“Of course it should be considered art!”
When asked about the worthiness of his director's second instalment in the infamous Human Centipede series, star Lawrence R. Harvey revs our fascinating chat up a notch.
“It is a work of intelligence and aesthetic judgement within a respected medium,” he claims, speaking to SBS Movies only a few hours before the notorious film screens uncut – in defiance of a ruling from the Office of Film and Literature Classification – at its Sydney premiere. “It is up to [the audience] if you want to consider it good art or bad art. But it is art, already.”
Harvey makes his feature debut as Martin, an obsessed fan of the first film who sets out to recreate the vision of Dr Heiter (Dieter Laser) in the sequel to one of the most reviled (and, by some, beloved) horror works of the last few years. He relates the experience of working with Dutch agitant-auteur Tom Six as...gleeful. “He is brilliant to work with,” says Harvey. “He is this boyish, enthusiastic guy, like a little puppy. When we were filming he would be lining up shots because they felt uncomfortable, or he would see some mould in the background, and he'd be like, to the camera guy, 'Oh, that's so nasty!' ” Not entirely realising the ironic extent of his statement, the Brit actor concludes by saying, “He's got sort of a dark sense of humour.”
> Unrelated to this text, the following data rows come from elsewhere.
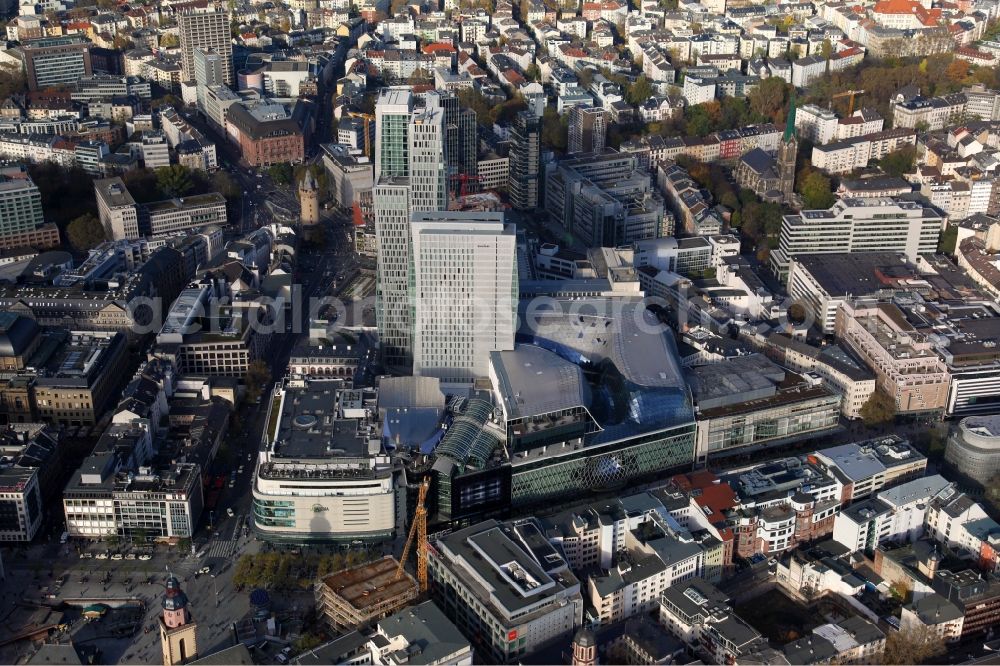 Aerial image Frankfurt am Main - Blick auf das Palais Quartier im Zentrum von Frankfurt / Main in Hessen. Das Palais Quartier ist ein Neubauprojekt in der Frankfurter Innenstadt und besteht aus vier Bauelementen: Das Einkaufszentrum MyZeil, das das Tor des Quartiers zur berühmten Straße Zeil bildet; das 96 Meter hohe Hotel Jumeirah Frankfurt in der Mitte; ein 135 Meter hoher Büroturm und dem Palais Thurn und Taxis. Ausführende Baufirma war die BAM Deutschland AG. Das Objekt ist ein Vorhaben der MAB Development Deutschland GmbH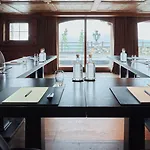 Lecrans Hotel 5*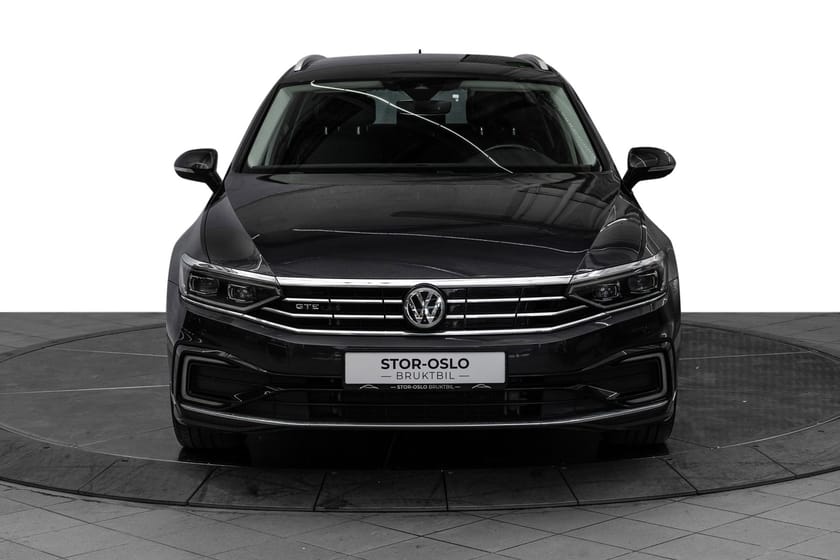 Bilde 3 av Volkswagen Passat Variant GTE Eksklusive/Matrix/Skinn/Webasto/Krok/ACC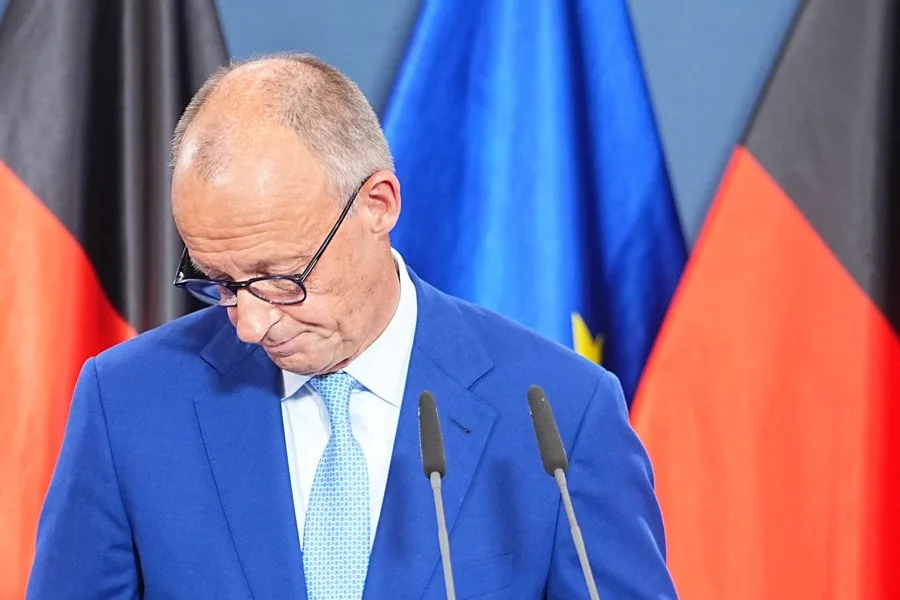 Friedrich Merz, cancelar, reflectând asupra rezultatelor alegerilor regionale din Germania.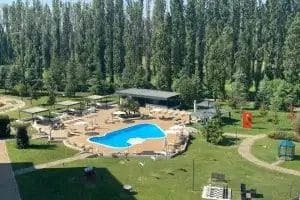 Piscina all’aperto con solarium nel parco dell’AN Park Hotel Milano Settala, lounge ombreggiate e verde scenografico.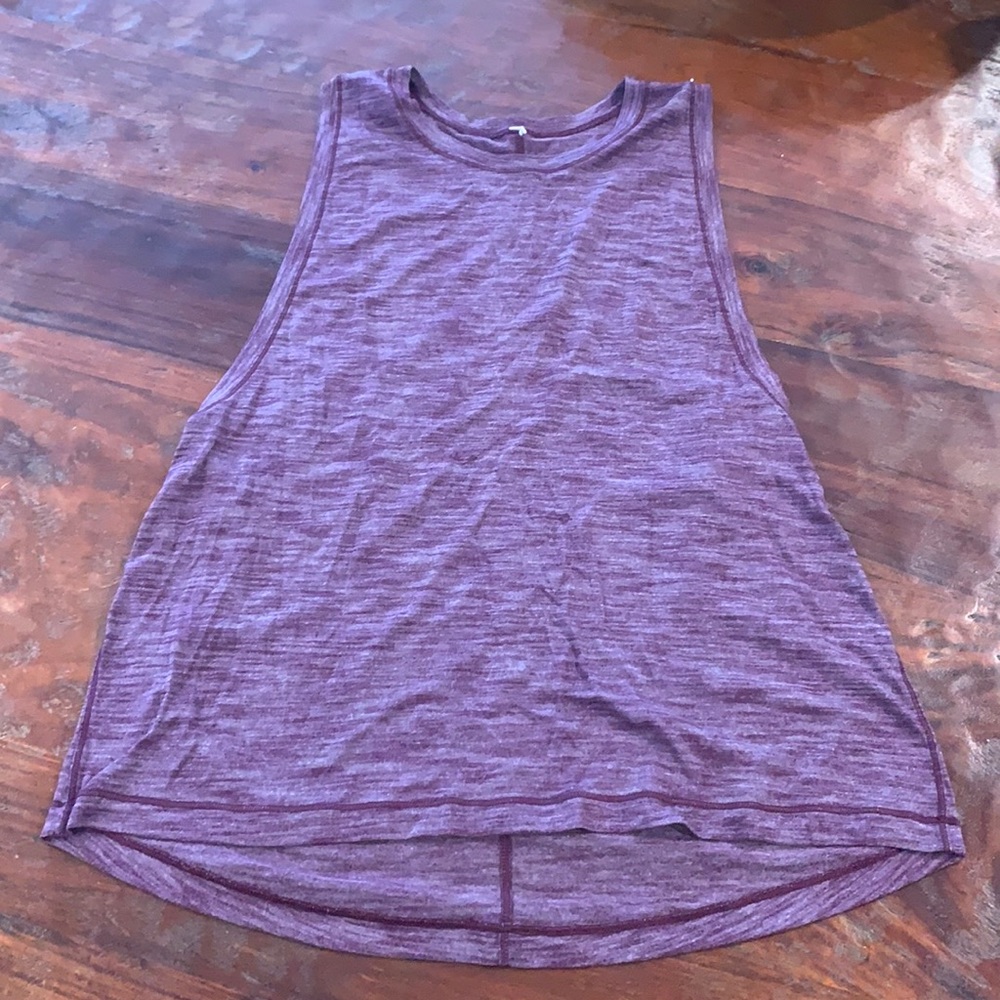 Lululemon muscle tee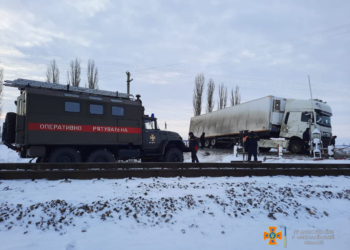 На Николаевщине спасатели трижды за сутки помогали водителям «стать на колеса» (ФОТО)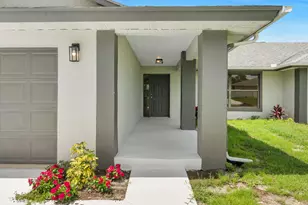 731 SE Majestic Terrace, Port Saint Lucie, FL 34983 - Photo 8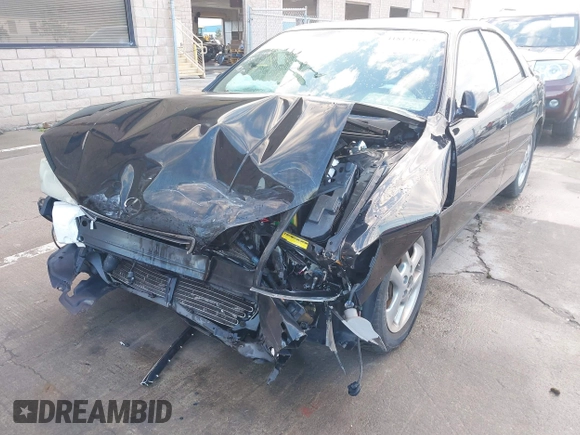 2001 Lexus ES 300 with VIN JT8BF28G115111003, listed as a IAAI auction lot 41812165 with 173,431 mi miles. Bid and sale history available at carsss.com. Image 6.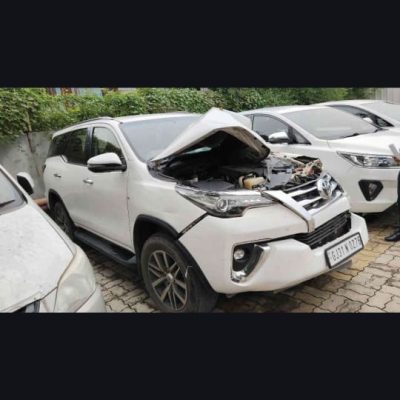 TOYOTA FORTUNER SIGMA 4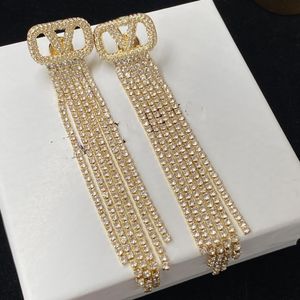2023 oorbellen Designer Dames Goud dubbele V-vormige sieraden Classic Wedding Gift voor pasgetrouwden 2024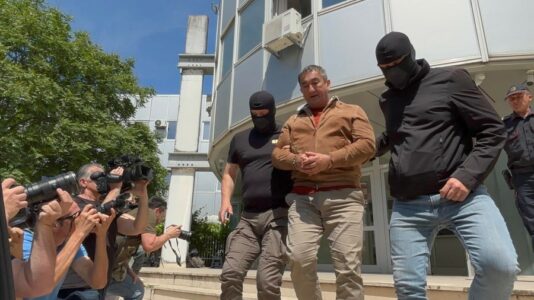 Aktakuzë për kontrabandë milionëshe cigaresh nga Porti i Tivarit – pjesë e bandës edhe shqiptari Veton Berishaj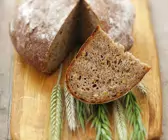 Gesundes Brot mit Kernen und Samen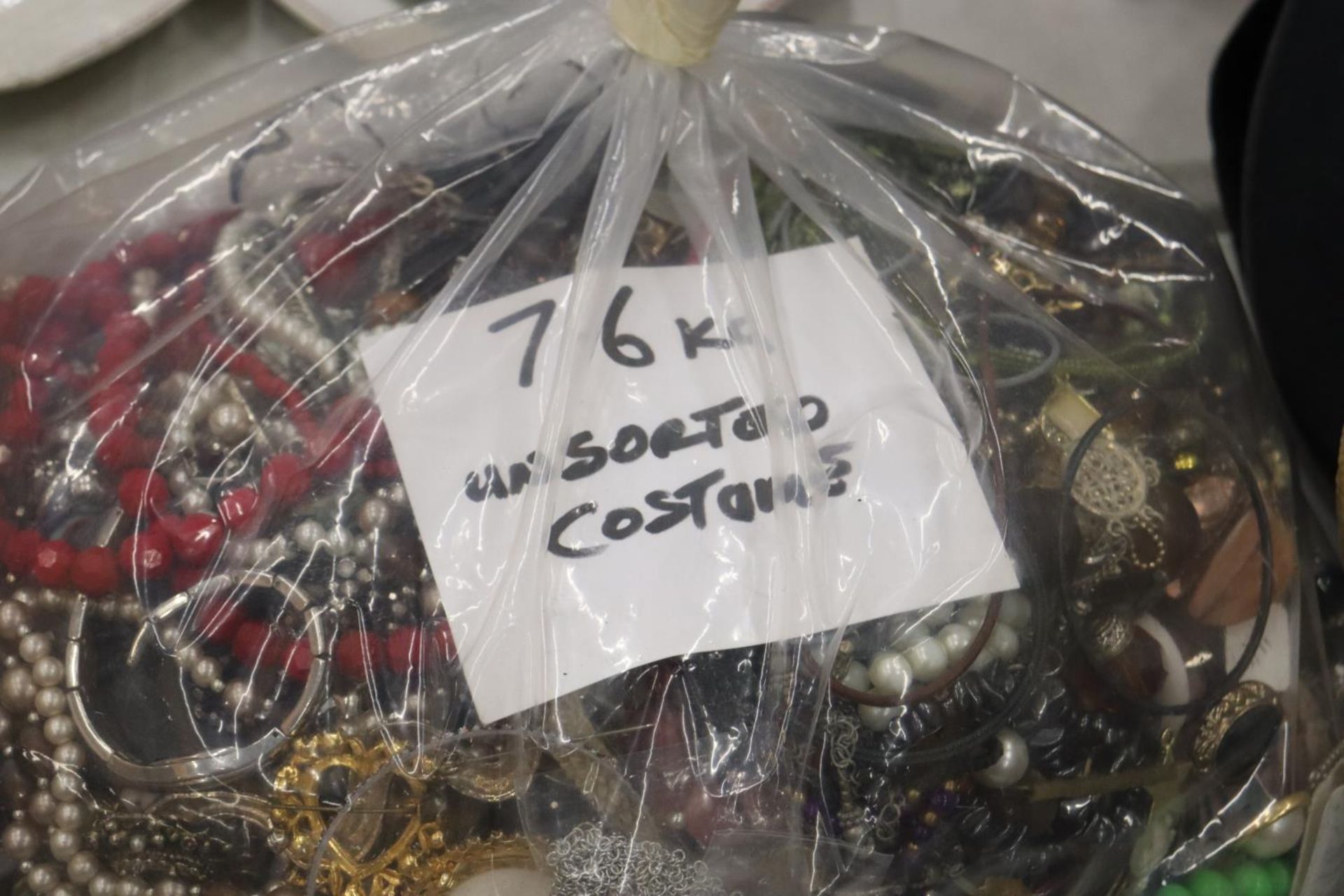 A 7.6 KG BAG OF UNSORTED COSTUME JEWELLERY - Image 5 of 6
For Harvey, coping with the discomfort of filming the movie's most debased acts (specifically, the graphic rape of the final stage of the Centipede) required both compassion for his fellow actor and commitment to his method. “I go away quietly to a corner, where I work things out on my own,” he says. “After that particular scene, I go over to Emma (Lock, the actress cast as the 'final stage') and want to make sure she is ok. It's very emotional, for both of us.”
No doubt shaken, Lock and her support cast members could walk away from such scenes, usually within a day (the film, shot largely in black-and-white, was a low budget project despite the first film's notoriety). It was a different dynamic for Harvey, who would have to return to the psychology of the act at the director's whim. “It really hit me when I had to redo the scene for close-ups and cutaways. Emma wasn't there for those scenes so I had to go through what she did for those scenes in order to get my scenes in tandem, and that was difficult,” he relates.
Generating audience sympathy for Martin was crucial – up to a point. The character is defined as a victim, a victim of sexual and emotional abuse at the hands of his mother and, subsequently, his psychologist. Harvey points to one of Australian cinema's most beloved anti-heroes – Nicholas Hope's lead portrayal of Rolf de Heer's Bad Boy Bubby – as inspiration.
“Bubby comes out of his abusive cocoon and people are positive towards him, encouraging him to be a more whole person,” says Harvey. “In this film, we see Martin outside of his house but in a job where we see that type of abuse [reinforced]. Those that end up in the Centipede are types of people who have abused him in some way. Martin has been abused sexually, emotionally by those that should have given him love. It is isn't his fault, it's his background.”
But empathy for his character's psychological make-up can only extend so far. “For me, the sympathy should stop,” he states bluntly. “The rape scene is one act too much for the audience sympathy.”
Tom Six challenges the concept of the 'Fourth Wall' – that mythical bridge that provides audiences with a barrier between the horrors on-screen and the safety of their cinema seat – by making his sequel's villain a man motivated by his love of the film, The Human Centipede. For Harvey, it's a bold artistic move. “The first film was very much concerned with the tropes of the horror film narrative and plays those for absurdity,” he opines. “The second one is about the reaction to just such a film and how they manifest within society. In the second film, there is certainly a reaction against the macho posturing, the 'Yeah, more gore, bring it on...' fans. In this film, Tom slaps you in the face and says 'Be careful what you wish for.' It reaches for those Grand Guignol absurdities of violence.”
Lawrence Harvey teases us with an insight into what Tom Six has in store for the final chapter of the Centipede trilogy. Confirming the director's commitment to stylistically re-inventing the works with each outing, Harvey hints that the third film, The Final Sequence, will reflect Italian Giallo influences. “The third one will be rich, saturated in colour,” he says “A completely different visual style.”